Church of England divests from coal and tar sands
05 May 2015
On May 1, the Church of England announced it would no longer make any direct investments in any company where more than 10% of its revenues are derived from the extraction of thermal coal or the production of oil from tar sands. It is also divesting £12m worth of investments in these sectors.
This policy now applies to all investments by the Church Commissioners, Church of England Pensions Board and CBF Church of England fund. The announcement coincided with the adoption of a new climate change policy recommended by the Church's Ethical Investment Advisory Group (EIAG) that sets out how the three national investing bodies (NIBs) will support the transition to a low carbon economy.

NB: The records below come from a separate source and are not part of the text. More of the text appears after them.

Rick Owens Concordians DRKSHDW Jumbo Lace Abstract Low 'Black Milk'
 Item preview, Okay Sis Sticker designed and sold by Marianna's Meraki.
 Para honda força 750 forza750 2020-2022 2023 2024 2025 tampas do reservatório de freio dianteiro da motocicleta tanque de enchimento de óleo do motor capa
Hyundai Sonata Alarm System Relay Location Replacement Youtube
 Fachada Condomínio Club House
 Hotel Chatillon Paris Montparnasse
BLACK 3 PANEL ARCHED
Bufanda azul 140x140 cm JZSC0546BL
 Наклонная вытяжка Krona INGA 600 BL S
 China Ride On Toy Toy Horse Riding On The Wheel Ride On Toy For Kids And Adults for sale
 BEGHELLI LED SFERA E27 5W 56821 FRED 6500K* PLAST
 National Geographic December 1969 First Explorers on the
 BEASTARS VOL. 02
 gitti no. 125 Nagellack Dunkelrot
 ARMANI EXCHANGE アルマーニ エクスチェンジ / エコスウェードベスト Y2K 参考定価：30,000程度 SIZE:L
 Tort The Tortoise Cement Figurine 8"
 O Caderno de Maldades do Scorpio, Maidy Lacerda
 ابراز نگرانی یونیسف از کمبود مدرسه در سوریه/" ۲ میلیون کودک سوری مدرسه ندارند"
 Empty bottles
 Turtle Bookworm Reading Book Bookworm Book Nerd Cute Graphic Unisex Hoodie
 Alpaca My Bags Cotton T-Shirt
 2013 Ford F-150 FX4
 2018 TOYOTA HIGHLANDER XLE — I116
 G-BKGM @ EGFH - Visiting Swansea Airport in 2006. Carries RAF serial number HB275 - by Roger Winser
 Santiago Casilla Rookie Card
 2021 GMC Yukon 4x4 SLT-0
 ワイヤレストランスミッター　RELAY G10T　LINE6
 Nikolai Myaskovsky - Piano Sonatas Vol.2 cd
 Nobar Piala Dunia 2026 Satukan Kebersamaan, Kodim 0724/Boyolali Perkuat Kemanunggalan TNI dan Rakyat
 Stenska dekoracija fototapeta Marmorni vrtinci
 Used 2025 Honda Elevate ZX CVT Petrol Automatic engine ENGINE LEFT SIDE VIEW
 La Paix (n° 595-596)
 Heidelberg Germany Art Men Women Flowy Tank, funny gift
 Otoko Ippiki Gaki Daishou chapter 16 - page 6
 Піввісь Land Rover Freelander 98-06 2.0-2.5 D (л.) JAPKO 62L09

The three NIBs have committed to increase their low carbon investments. Currently 4% of the Commissioners' portfolio is invested in sustainable forestry, and the Commissioners are the largest private owner of UK forestry.
"Climate change is already a reality. From an ethical perspective the focus of the investing bodies must be on assisting the transition to a low carbon economy," The Rev Canon Professor Richard Burridge, Deputy Chair of the EIAG and lead on the EIAG's theological process, said.
"The Church has a moral responsibility to speak and act on both environmental stewardship and justice for the world's poor who are most vulnerable to climate change. This responsibility encompasses not only the Church's own work to reduce our own carbon footprint, but also how the Church's money is invested and how we engage with companies on this vital issue."
Bishop Nick Holtam, the lead Bishop on the environment at the Church of England, said the move "better aligns the Church's investment practice with its belief, theology and practice".
"Climate change is the most pressing moral issue in our world. Change is happening rapidly, I therefore particularly welcome the commitment to regularly review the policy recommendations in the light of our knowledge and experience," he said.